- _Description of the task_
Among the entries below, extract exactly the lines that run from the one with "Je Peux Pas" through the one with "Batch 27 Pre", both ends included.

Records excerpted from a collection
#####

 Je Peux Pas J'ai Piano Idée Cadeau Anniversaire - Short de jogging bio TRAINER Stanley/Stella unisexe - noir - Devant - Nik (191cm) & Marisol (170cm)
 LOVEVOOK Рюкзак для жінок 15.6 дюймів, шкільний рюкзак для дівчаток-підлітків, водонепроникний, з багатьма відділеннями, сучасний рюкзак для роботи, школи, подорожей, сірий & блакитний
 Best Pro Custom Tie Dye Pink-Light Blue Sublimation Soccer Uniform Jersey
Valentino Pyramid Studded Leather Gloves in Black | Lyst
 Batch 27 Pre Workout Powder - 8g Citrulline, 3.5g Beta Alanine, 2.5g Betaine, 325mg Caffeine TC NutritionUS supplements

#####

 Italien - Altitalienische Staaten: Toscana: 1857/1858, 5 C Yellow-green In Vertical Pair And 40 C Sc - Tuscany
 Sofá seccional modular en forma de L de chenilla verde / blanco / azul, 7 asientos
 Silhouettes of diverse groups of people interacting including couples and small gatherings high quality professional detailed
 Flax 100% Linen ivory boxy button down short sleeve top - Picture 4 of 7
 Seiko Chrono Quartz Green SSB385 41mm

#####

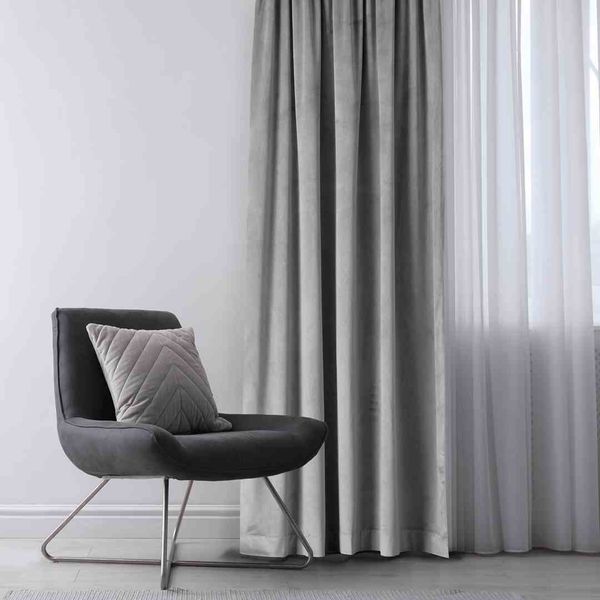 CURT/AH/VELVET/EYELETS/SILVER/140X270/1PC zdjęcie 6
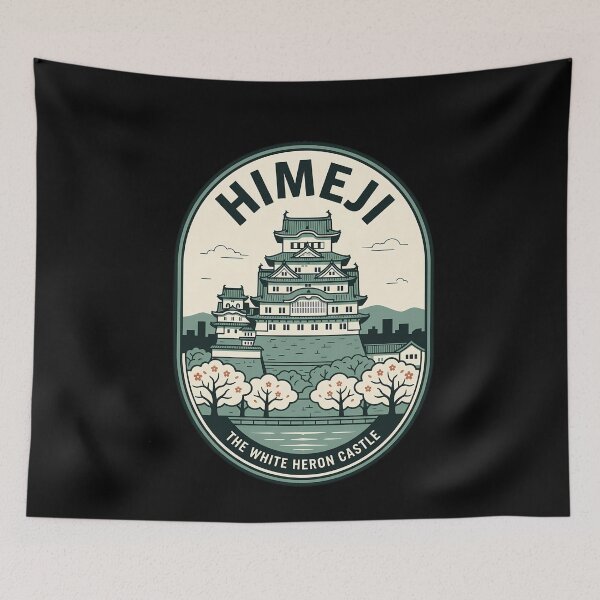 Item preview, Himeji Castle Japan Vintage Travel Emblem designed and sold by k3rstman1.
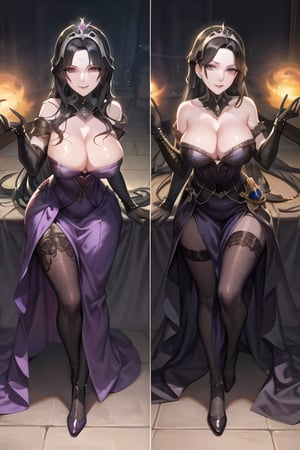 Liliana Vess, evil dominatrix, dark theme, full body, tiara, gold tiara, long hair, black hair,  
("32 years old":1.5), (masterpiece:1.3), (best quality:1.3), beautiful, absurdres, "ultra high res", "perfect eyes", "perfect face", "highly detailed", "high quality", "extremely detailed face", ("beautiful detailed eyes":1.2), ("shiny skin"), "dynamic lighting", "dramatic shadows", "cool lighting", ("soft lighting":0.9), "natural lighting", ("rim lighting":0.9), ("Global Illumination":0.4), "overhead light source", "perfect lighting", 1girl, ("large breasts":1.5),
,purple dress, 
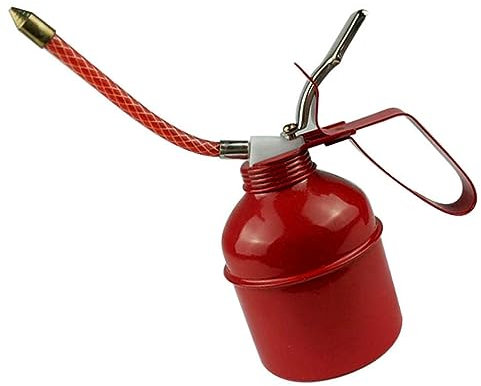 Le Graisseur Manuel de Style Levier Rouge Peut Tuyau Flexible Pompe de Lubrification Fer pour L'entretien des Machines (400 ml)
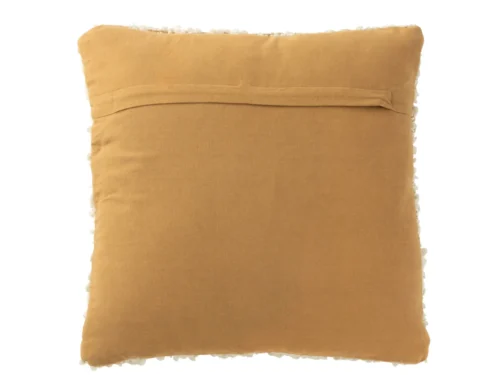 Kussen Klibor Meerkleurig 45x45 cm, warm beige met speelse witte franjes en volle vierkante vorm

#####

- _Answer to this exercise_
 Je Peux Pas J'ai Piano Idée Cadeau Anniversaire - Short de jogging bio TRAINER Stanley/Stella unisexe - noir - Devant - Nik (191cm) & Marisol (170cm)
 LOVEVOOK Рюкзак для жінок 15.6 дюймів, шкільний рюкзак для дівчаток-підлітків, водонепроникний, з багатьма відділеннями, сучасний рюкзак для роботи, школи, подорожей, сірий & блакитний
 Best Pro Custom Tie Dye Pink-Light Blue Sublimation Soccer Uniform Jersey
Valentino Pyramid Studded Leather Gloves in Black | Lyst
 Batch 27 Pre Workout Powder - 8g Citrulline, 3.5g Beta Alanine, 2.5g Betaine, 325mg Caffeine TC NutritionUS supplements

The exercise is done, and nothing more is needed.